There have been few studies that have analyzed the concentrations of essential elements in urine between children with ASD and those that are TD (see Table 1). This study differs from these other studies in the literature in that results from both mothers and children were analyzed, and that a large number of elements were examined. It was found that there are statistically significant differences between the ASD and TD children cohorts for four specific elements, after correcting for false discovery rates. The elements identified were molybdenum, phosphorous, sulfur, and tin. The AUROC values for each of these elements were greater than 0.7 demonstrating the degree to which the ASD and TD subsets were distinct for these elements. In contrast to this, no elements were identified that were significantly different in terms of their concentration between the two mother cohorts.

Notably, the concentrations of three essential elements (molybdenum, phosphorous, sulfur) in the urine of children with ASD were significantly lower than for their TD peers. This is especially important as 48% of the children in the ASD cohort were taking multivitamins/mineral supplements while only 27% of the TD cohort were on such supplements, which might have resulted in higher levels for molybdenum than if no supplements had been used (phosphorus is not included in significant amounts in most supplements and sulfur is usually in the form of thiamine and biotin). To evaluate the effect of supplements, the same analysis was also conducted after excluding all individuals taking supplements; the same elements were found to be statistically significant for a comparison of the two subgroups. Thus, the findings suggest that there should be more investigation of mechanisms responsible for elemental uptake, absorption, usage, and excretion of those elements in children with ASD. It is recommended that future studies should include children not taking supplements or a detailed list of the supplement ingredients should be recorded. It should be noted that the differences in essential elements between the two child cohorts were deemed more significant than the differences of the toxic elements; this is important insofar as the focus in the existing literature has been more on toxic than on essential elements. The current results indicate that significant differences can be found by comparing certain essential elements.

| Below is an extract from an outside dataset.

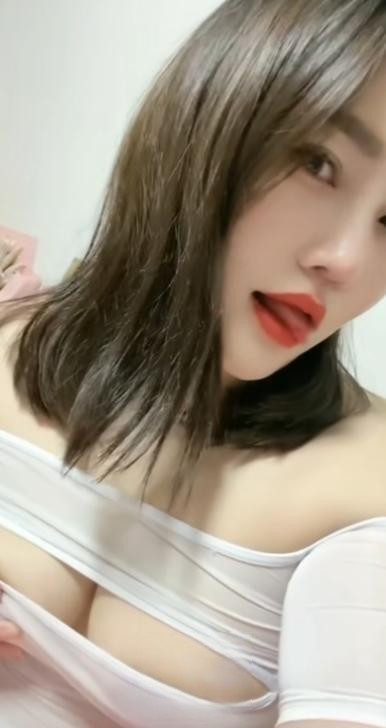 KH很棒的大屁股妹子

For sulfur, this study found on average 35% lower levels in the urine of individuals with ASD. This is consistent with several studies that have reported decreased sulfation capacity for detoxification, and potentially consistent with several studies of lower levels of plasma sulfate (Midtvedt, 2012; Gevi et al., 2016). Urinary sulfur excretion has been of interest due to differences that have been consistently observed in the literature between TD and ASD cohorts. Children with ASD have been previously reported to have extremely high levels of urinary sulfite and higher levels of urinary sulfate (Adams et al., 2011a; Hughes et al., 2018). However, this study investigated sulfur, not sulfate, which is important since sulfur includes sulfate, sulfite, and all other molecules containing a sulfur atom. More research is needed to better understand sulfur/sulfate/sulfite metabolism in ASD.

Molybdenum was also found to have a significantly lower concentration (−33.5%) in the urine of the ASD group compared to the TD group of children, and 28.5% of ASD cohort had a concentration for this element below the measured level of any TD child. Molybdenum is closely tied to sulfate/sulfite metabolism due to its essential role as a co-factor for the sulfite oxidase enzyme. Additionally, the role that Molybdenum Cofactor Sulfurase plays in the purine pathway ties this element closely to urinary sulfur regulation. The interrelation between sulfate and sulfite concentrations is especially important for numerous physiological processes. For example, higher than average sulfite levels have been shown to inhibit the growth of certain beneficial gut bacteria (Irwin et al., 2017). Molybdenum supplementation has previously shown promising results in improving the urinary sulfur concentrations of about 36% of ASD children to more closely resemble those of their TD counterparts (Warring & Klovrza, 2000). However, as demonstrated by the results of the correlation analysis, urinary molybdenum levels were not shown to be significantly correlated with urinary sulfur concentration in this study.

One additional key finding of the univariate analysis was that the phosphorus content was observed to be significantly different between the two child cohorts, with the concentration of this essential element being 34% lower in the ASD group. Furthermore, 24% of the ASD cohort had lower phosphorus concentrations in their urine than even the TD child with the lowest measured concentration of this element. While there have not been any other studies that have examined the phosphorus content of urine of individuals with ASD, there was one study of phosphorus levels in blood. That study (Adams et al., 2011b) found slightly higher levels of phosphorus in red blood cells (RBC) (+5%, p = 0.004) but normal levels in plasma compared to controls. So, the interpretation of the current results for urinary levels of phosphorus are unclear. Given the significant effect of diet , and especially phosphate additives, on phosphorus levels (Calvo et al., 2014) and as diets of children with autism are often different from their typically developing peers, future work should include a dietary assessment

Zinc and selenium were both observed at lower levels in the ASD cohort, but the FDR rate for both these elements was above the FDR cutoff. The results of this investigation were consistent with prior zinc and selenium urine analysis studies examining children with ASD, as prior urinary analysis has not demonstrated significant differences. However, the role of zinc metabolism and interactions in ASD is an active area of research. It is suggested that normal neuronal development may be adversely affected by low levels of zinc and is compounded by a certain variant of the SHANK3 gene, which has been associated with ASD (Fourie et al., 2018). In one recent study, the association between deficits in prenatal developmental zinc levels and ASD pathology has been suggested for further investigation (Ha et al., 2018). Similarly, prior work has sought to elucidate the role of selenium in metabolic processes in children with ASD which has been inconclusive (Saldanha et al., 2018; Raymond et al., 2014).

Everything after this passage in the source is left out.